The key to management is implementing a proportional response and understanding what level of remediation is reasonable and practicable in order to manage risks to human and ecological health.
This approach is being increasingly adopted in the PFAS space, but can be difficult to define when to stop (how much remediation is enough), and solutions are yet to be fully tested.
Where PFAS production is continuing, and chemicals are making their way into the wide range of products in our households and commercial premises, the waste sector will have an increasing responsibility for managing PFAS points of entry to the environment. But the responsibility cannot and should not fall solely to waste sector organisations. Improvements to upstream product approvals and controls are another vital part of the solution.
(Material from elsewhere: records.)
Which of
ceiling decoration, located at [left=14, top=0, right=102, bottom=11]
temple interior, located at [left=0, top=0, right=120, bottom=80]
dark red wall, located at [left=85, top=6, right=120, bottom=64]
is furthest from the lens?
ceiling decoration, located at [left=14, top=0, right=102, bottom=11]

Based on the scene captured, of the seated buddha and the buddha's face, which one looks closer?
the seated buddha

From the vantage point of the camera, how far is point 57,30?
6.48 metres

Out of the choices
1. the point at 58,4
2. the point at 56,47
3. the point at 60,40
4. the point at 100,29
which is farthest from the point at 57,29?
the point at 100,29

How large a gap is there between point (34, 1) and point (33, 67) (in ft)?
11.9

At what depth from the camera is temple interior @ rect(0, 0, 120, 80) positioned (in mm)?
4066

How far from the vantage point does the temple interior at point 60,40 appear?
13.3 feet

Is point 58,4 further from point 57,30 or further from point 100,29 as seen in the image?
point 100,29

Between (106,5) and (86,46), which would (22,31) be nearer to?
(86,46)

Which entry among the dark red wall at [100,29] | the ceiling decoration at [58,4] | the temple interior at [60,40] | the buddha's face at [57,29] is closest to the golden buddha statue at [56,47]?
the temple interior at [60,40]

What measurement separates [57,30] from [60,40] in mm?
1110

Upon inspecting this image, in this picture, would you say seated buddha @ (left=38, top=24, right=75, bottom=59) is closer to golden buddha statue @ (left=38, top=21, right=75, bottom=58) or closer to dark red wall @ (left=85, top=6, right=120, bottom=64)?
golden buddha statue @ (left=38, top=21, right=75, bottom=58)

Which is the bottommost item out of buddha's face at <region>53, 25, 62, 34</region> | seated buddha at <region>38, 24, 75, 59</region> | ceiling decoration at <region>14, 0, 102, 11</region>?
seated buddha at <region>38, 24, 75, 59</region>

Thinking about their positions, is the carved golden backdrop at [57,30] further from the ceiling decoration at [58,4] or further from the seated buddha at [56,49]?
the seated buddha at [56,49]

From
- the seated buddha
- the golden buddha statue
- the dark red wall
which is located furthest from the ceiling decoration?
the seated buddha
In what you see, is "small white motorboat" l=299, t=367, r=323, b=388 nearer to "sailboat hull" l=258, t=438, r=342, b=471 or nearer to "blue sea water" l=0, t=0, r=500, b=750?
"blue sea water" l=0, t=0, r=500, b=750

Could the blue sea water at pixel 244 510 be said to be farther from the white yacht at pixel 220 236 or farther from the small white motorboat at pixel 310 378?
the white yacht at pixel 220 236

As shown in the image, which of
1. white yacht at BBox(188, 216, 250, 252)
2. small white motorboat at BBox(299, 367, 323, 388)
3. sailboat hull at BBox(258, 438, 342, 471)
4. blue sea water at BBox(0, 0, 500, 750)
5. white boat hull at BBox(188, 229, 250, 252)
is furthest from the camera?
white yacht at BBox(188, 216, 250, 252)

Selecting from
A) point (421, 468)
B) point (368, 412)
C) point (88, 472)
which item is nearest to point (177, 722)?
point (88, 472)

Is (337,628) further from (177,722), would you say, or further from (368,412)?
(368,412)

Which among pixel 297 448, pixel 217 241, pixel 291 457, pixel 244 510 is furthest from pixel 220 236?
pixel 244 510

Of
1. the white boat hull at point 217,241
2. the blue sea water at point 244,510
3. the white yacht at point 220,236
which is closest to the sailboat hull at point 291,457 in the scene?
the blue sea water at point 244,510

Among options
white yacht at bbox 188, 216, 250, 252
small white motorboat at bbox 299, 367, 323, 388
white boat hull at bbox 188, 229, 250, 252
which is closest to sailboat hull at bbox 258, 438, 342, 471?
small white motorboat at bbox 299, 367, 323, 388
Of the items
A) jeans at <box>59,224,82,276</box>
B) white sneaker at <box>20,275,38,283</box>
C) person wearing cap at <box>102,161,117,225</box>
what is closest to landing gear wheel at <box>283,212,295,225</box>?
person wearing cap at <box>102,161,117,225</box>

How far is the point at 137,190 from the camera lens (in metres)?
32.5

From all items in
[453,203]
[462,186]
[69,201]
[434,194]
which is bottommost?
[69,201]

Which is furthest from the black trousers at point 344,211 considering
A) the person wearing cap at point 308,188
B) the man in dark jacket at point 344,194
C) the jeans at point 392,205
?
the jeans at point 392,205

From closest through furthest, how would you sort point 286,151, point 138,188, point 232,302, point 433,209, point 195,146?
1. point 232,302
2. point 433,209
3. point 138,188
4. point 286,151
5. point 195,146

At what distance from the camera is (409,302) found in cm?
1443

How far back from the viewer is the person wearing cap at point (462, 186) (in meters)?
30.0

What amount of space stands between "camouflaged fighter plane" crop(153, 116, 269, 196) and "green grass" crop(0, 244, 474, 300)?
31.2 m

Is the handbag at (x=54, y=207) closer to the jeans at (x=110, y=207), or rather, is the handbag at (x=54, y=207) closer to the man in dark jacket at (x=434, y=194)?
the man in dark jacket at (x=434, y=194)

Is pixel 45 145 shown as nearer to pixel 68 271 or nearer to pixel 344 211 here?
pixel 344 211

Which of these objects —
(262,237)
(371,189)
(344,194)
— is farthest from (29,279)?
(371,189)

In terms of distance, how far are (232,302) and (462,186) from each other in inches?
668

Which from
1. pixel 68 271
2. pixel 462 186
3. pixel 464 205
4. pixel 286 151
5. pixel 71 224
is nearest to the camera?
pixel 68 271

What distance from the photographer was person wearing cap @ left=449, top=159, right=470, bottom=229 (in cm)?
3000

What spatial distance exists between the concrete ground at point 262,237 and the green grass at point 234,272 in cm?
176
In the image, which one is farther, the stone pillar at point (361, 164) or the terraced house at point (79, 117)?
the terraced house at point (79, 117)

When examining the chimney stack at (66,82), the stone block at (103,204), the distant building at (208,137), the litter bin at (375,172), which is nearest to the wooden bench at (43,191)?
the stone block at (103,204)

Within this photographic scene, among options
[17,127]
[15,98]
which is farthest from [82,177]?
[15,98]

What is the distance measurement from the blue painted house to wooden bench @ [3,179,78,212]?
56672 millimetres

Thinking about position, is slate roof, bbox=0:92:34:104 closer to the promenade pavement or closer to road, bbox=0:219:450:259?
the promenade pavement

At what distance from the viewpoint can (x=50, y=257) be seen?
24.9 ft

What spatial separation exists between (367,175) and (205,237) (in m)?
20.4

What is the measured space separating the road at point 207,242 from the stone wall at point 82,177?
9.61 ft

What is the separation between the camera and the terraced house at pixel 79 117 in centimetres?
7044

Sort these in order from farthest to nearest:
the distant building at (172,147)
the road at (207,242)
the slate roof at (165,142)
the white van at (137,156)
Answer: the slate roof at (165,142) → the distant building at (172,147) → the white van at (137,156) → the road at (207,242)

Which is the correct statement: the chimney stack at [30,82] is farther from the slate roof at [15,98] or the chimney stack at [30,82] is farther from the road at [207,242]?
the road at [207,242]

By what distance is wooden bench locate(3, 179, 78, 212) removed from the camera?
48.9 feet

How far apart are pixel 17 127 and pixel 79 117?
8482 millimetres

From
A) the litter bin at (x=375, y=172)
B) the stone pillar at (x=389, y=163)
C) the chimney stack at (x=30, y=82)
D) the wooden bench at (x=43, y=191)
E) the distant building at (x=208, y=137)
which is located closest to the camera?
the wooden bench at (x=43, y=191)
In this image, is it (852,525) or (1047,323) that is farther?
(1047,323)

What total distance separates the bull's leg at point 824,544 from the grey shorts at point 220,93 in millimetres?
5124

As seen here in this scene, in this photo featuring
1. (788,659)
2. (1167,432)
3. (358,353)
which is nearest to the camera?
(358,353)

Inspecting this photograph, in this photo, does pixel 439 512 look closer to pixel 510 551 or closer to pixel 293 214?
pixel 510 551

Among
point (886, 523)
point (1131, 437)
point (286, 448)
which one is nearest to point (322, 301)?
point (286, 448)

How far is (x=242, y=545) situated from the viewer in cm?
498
Hazard and risk assessment of chemicals by government agencies such as the Australian Industrial Chemicals Introduction Scheme (AICIS) in Australia and under the Registration, Evaluation, Authorisation and Restriction of Chemicals (REACH) legislation in the EU, are aimed at identifying chemicals that need specific controls, or in the worst cases, need to be banned from use in products. The Australian Government is also working with specific industries to understand where PFAS is used and promoting strategies to phase out these uses.
In coming years these approaches will see reductions in environmental risks from PFAS, but the journey will be long and with inevitable twists in the tail. While there’s more work to do, we need only look at how far we, and the science have already come in the management of PFAS to know that the problems are not insurmountable.
For managing environmental risks, having a deep understanding of PFAS and the complex issues tied to them, is the key to simplifying and making sensible decisions about investigation and management.